Archiwum kwiecień 2004, strona 1


Bez tytułu
Autor: solei
05 kwietnia 2004, 22:08

“Ty chyba nie liczysz na to, że będziesz zrozumiana? – powiedziałam w rozmowie – Możesz im własne bebechy uzewnętrznić, a i tak każdy zobaczy tylko to, co chce i jest w stanie widzieć. Daj więc sobie spokój. Pamiętaj, że patrzą na ciebie przez pryzmat siebie – konkretnym nastawieniem, oczekiwaniem, wcześniejszym doświadczeniem. Nie spodziewaj się zbyt wiele. Nie licz, że zrozumieją co masz na myśli... Przypuszczam, że nie spotkasz się z pozytywnym odbiorem... Wiesz, najlepiej nie mów za dużo, bo i tak obrócą to przeciwko tobie. Choćbyś nie wiem jak dobre intencje miała... ”

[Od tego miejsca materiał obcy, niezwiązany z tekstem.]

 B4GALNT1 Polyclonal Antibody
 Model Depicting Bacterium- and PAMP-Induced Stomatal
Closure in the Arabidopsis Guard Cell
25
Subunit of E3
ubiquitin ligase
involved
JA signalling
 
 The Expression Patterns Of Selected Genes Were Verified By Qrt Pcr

A teraz pomyślałam, że przecież do blogowiska, te słowa pasują idealnie... a nawet więcej. To miejsce jest znacznie bardziej pozbawione możliwości zrozumienia, niż realny świat.

Choć w sumie wszędzie jest podobnie. Chyba ze wszystkimi ludźmi mamy jedynie swoiste punkty styczności [a kto widząc zaledwie punkt, jest w stanie zrozumieć całość?]. Zawsze jest się tylko samemu ze sobą i w rezultacie można się do tego chyba przyzwyczaić... No, ... z czasem.

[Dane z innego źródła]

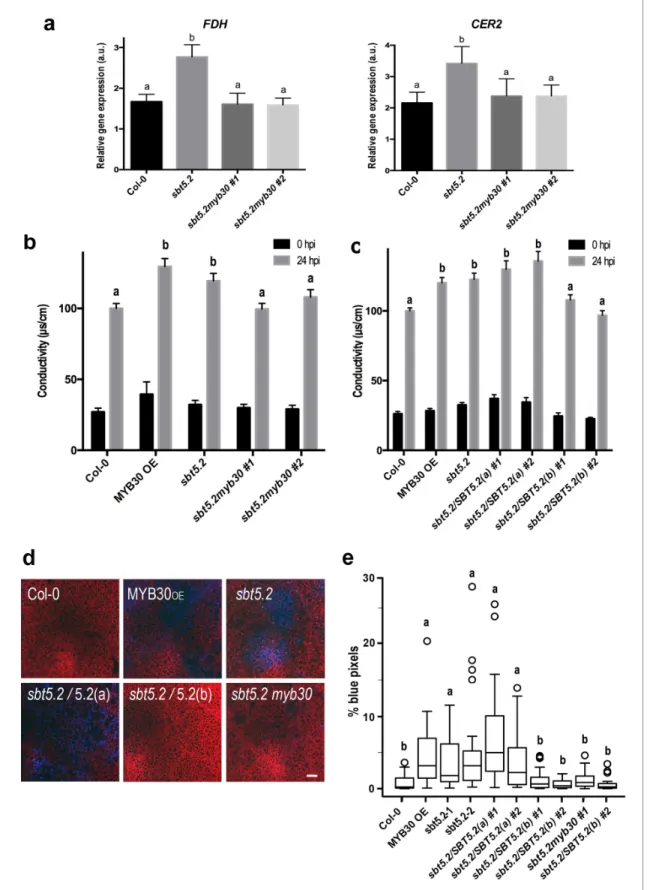 Figure 9. SBT5.2(b) attenuates MYB30-dependent transcriptional activation of VLCFA-related genes and hypersensitive cell death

PS. Przedświąteczna uwaga: jak przetrwać świąteczne zjazdy rodzinne? Olać i nie wyskakiwać z dobrymi radami. To była moja rada! [dobra ;-)]

Bez tytułu
Autor: solei
01 kwietnia 2004, 22:12

“I jeszcze informacje drogowe: dziś zdejmujemy nogę z gazu na ulicach ......... , ............ i ........... bo panowie z radarami już czekają!”...

No proszę – w porannych informacjach radiowych można posłuchać bezpardonowego namawiania do łamania prawa. – Zdejmujemy nogę z gazu na ulicach ... ble, ble, ble – za to na wszystkich innych możemy zapieprzać srogo ponad setkę, rozjeżdżać przechodniów, rozchrzaniać ogrodzenia i zabijać innych kierowców w wyniku czołowego zderzenia! Luz! Dajemy wam, kochani nasi słuchacze, cynk jak uniknąć ograniczeń spaczonego prawa. Bo przecież ograniczenie prędkości w terenie zabudowanym to przegięcie, mające tylko jeden, jedyny cel: uniemożliwienie prawym obywatelom dojechania na czas do pracy!...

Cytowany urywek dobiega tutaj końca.